Was Willingham Really Guilty?

Cameron Todd Willingham
An advocate of the Cameron Todd Willingham family, the man executed six years ago after a fire killed three of his daughters, is questioning the objectivity of the Texas commission. He is looking into the matter and wants to reveal if the man was rightly convicted.
Stephen Saloom, the policy director of the non-profit legal advocacy group the Innocence Project, made a comment directed to John Bradley, the chairman of the Texas Forensic Science Commission. The comments were made during the public portion of that panel’s meeting on Friday.

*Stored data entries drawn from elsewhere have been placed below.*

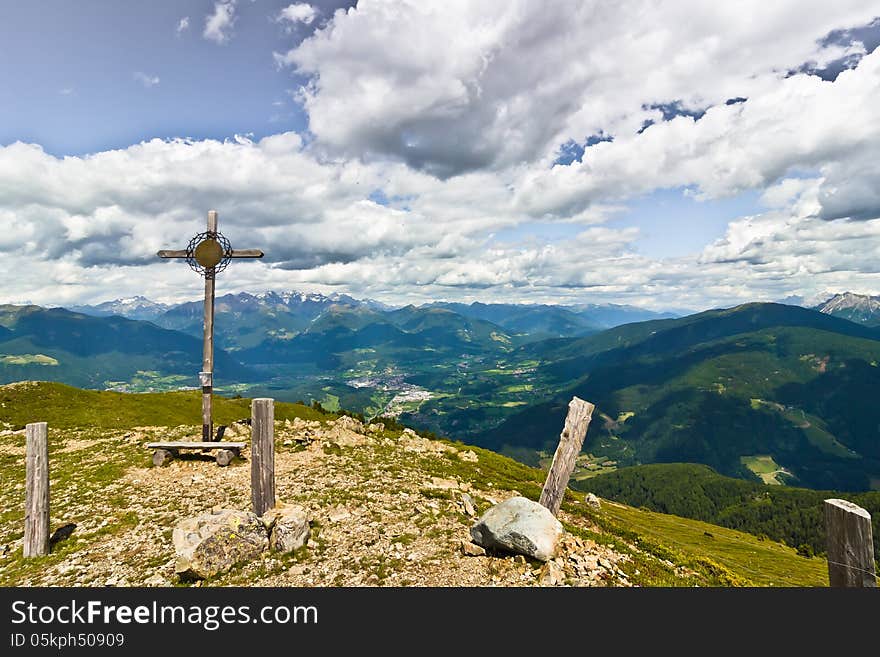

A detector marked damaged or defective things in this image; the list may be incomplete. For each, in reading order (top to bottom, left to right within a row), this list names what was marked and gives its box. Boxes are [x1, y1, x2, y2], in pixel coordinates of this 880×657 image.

broken wooden post [23, 422, 49, 556]
broken wooden post [251, 398, 276, 516]
broken wooden post [540, 398, 596, 516]
broken wooden post [820, 500, 876, 588] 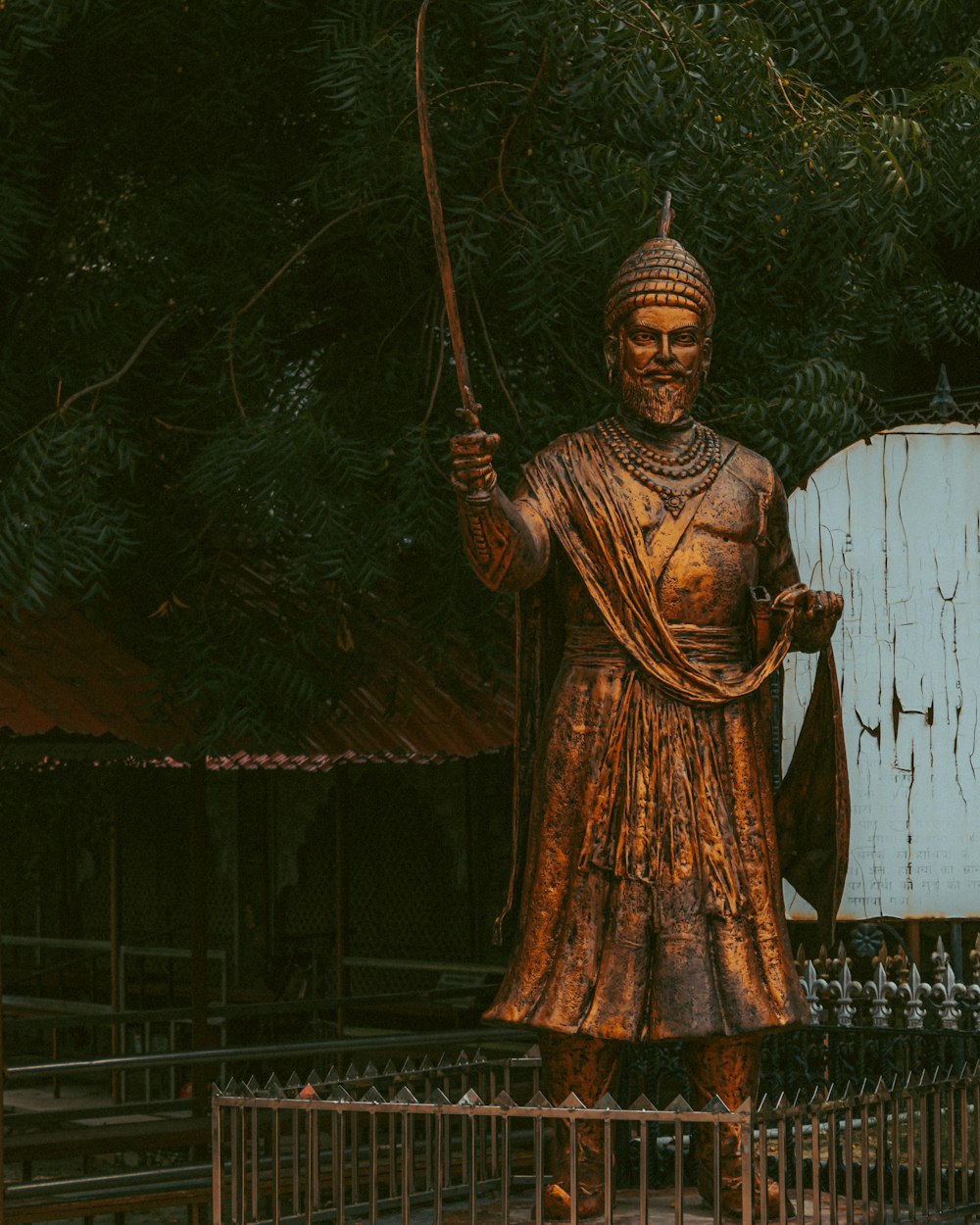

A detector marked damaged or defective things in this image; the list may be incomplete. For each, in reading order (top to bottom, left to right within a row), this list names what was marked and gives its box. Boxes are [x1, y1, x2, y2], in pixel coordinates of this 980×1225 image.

rusted metal surface [779, 421, 980, 921] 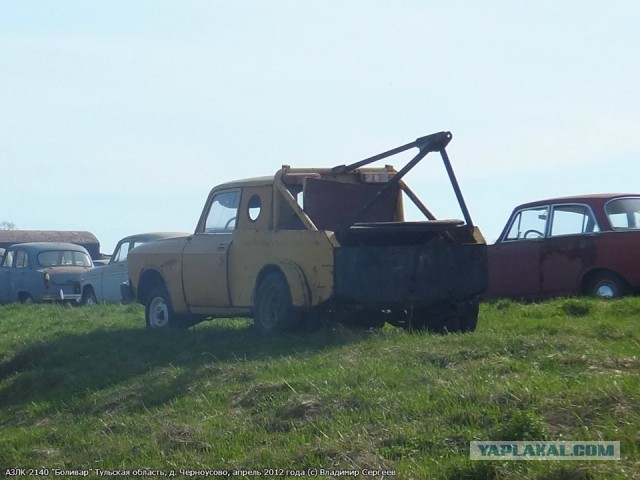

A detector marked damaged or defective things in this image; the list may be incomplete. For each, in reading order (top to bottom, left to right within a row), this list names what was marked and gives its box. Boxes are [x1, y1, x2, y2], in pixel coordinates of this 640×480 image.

rusty vehicle [0, 242, 94, 306]
rusted metal body [0, 231, 100, 260]
rusty vehicle [78, 232, 188, 304]
rusty vehicle [124, 131, 484, 334]
rusted metal body [125, 132, 484, 334]
rusty vehicle [484, 193, 640, 298]
rusted metal body [484, 193, 640, 298]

According to the report, Bradley said that groups that are anti-death penalty revealed their desire to hold up Willingham as a “poster boy” for their cause. Willingham was convicted in 1992 after a jury said that he set the fire deliberately, fire that killed his three girls. Apparently, Bradley questioned the approach and called Willingham “a guilty monster”. “This is a very clear statement, ‘Willingham is a guilty monster,’ that brings into question the reliability of your chairman,” Saloom said.
Bradley said with criticism that the “New York lawyers” are making “personal attacks, rather than legal arguments.” The Innocence Project was founded by Barry Scheck and Peter Neufeld. The Project is a New York-based non-profit organization that pursues legal challenges and pushes policy reforms aimed at exonerating those people who were wrongfully accused of crimes Of course, the organization is trying to prevent future injustices. The death-penalty opponents said that an impartial review of Willingham’s death penalty can lead to unprecedented admission. That is that the state could have executed an innocent man.
The daughters of Willingham were: 2-year-old Amber and 1-year-old twins, Karmon and Kameron. They died because their Corsicana, Texas, home went up in flames in 1991. Manuel Vasquez, who is the state’s fire marshal, told the jurors in the trial of Willingham that the fire was set intentionally by him and it spread very quickly because of an inflammable liquid.
The jury convicted Willingham of murder and put him on death penalty. Meanwhile, three reviews of evidence by outside experts had found that the arson determination was based on outdated or a faulty science. The first report on the case was sent to Governor Rick Perry‘s office. It was submitted to appeals courts before the execution of Willingham execution and other two came after he was put to death.
The last report was ordered in 2008 by the Texas Forensic Sciences Commission. It was authorized in 2005 by an act of the Texas state legislature. In the report, Maryland fire science expert Craig Beyler made the conclusion that the arson finding “could not be sustained”. His conclusion was based on the current-day investigative standards and also on those that took place in 1991. Two days before the panel was set to hear from Beyler, the Governor Rick Perry met with the commission in three appointments. In one of them, it was included to replace the panel’s chairman.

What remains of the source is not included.